Policy as Code によるセキュリティ向上
Workspace に Policy(Sentinel or OPA) を適用することでセキュリティ向上を実現しました。CIS ベンチマーク(米国の非営利法人 Center for Internet Security が公表している、情報システムの構築・運用における構成要素別のセキュリティ対策のベストプラクティスを定めたガイドライン)などの共通フレームワークによるチェックは全 Workspace に対して advisory(Warning のみ) で設定し、各プロダクトのセキュリティ要件に適したチェックは各プロダクトのエンジニアリング組織が設定する立て付けにしました。VCS で管理している Policy 設定を VCS 連携することで簡単に特定の Project, Workspace に適用させられることも便利でした。
導入時の苦労・悩み
社内マーケティング
IaC の実践に HCP Terraform の利用を全社的に強制する予定は無かったのですが、各エンジニアリング組織に HCP Terraform の存在とメリットを認知してもらいたいと考えていました。そのため、以下の方法で社内マーケティングを行いました。

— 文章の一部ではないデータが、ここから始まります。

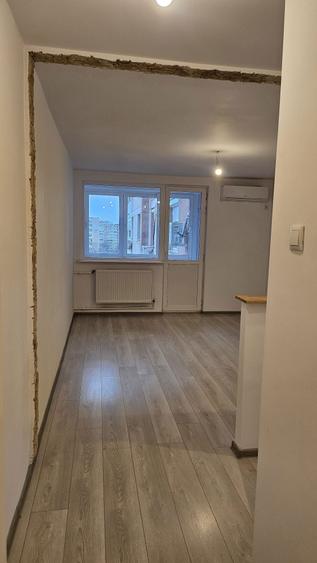 Apartament 2 camere, renovat , decomandat , metrou - 3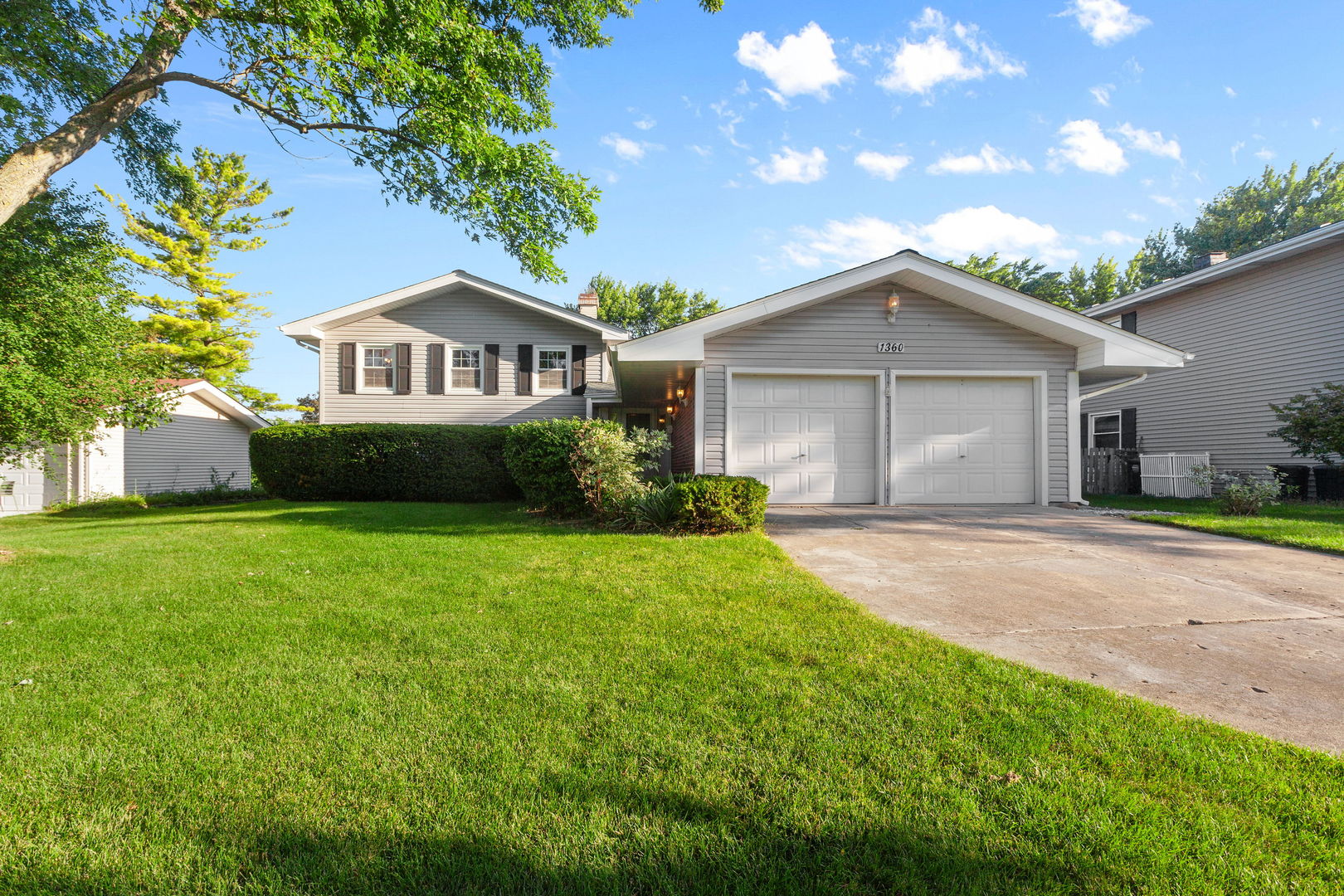 1360 Mayfield Lane, Hoffman Estates, IL 60169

- 社内ドキュメントに概要、メリット、利用方法を記載して公開する
- 社内のエンジニアリング共有会で宣伝する
- HCP Terraform に興味を持ってくれたエンジニアリング組織に PoC 段階で利用してもらい、使用感を社内ドキュメントに公開してもらった
権限設計
極力オーナーでしか行えない作業を少なくし、利用者がセルフサービスで利用する運用を検討しましたが具体的にどのような権限設定を行えば良いかドキュメントを見た限りでは分かりませんでした。そのため、PoC を設けてもらい先行利用者と協力しながらどのような権限設計にすれば良いかを検討しました。
導入に向けた社内への説明
上長・チームへの説明
導入費用と比較しても十分にメリットがあることを説明しました。具体的には以下の観点について説明しました。
- 開発生産性向上
- terraform を利用したリソースプロビジョニングのための基本的な CI/CD ワークフローがビルトインされており、開発者側で都度ワークフローを用意する必要が無くなる
- state ファイル管理機能により、開発者側で state ファイル管理用のストレージやロック機構を用意する必要がなくなる
- GUI ベースで操作することが可能なため、terraform に慣れていない開発者の利用ハードルを下げて IaC のセルフサービス化を促進できる
- 社内でよく利用されるリソース群を private module として用意することで、再利用可能とする
- セキュリティ向上
- Policy as Code による予防的/発見的な統制を適切な範囲で適用させることが可能
活用方法
各プロダクトのエンジニアリング組織が日々の開発業務の中で開発環境及び本番環境の IaC 実践に利用しています。
よく使う機能
- VCS 連携を利用した CI/CD ワークフロー
- tfstate 管理
- Policy Sets
- terraform version の自動 upgrade
- Drift Detection
- slack notification
- Okta を IdP とした SSO
- Team ベースの権限管理
ツールの良い点
- VCS 連携を利用することで terraform の一般的な CI/CD ワークフロー(PR 作成/更新をトリガーとした plan 実行と PR マージをトリガーとした apply 実行)をすぐに利用できる
- 各種設定や plan/apply 結果を GUI で操作、確認できる。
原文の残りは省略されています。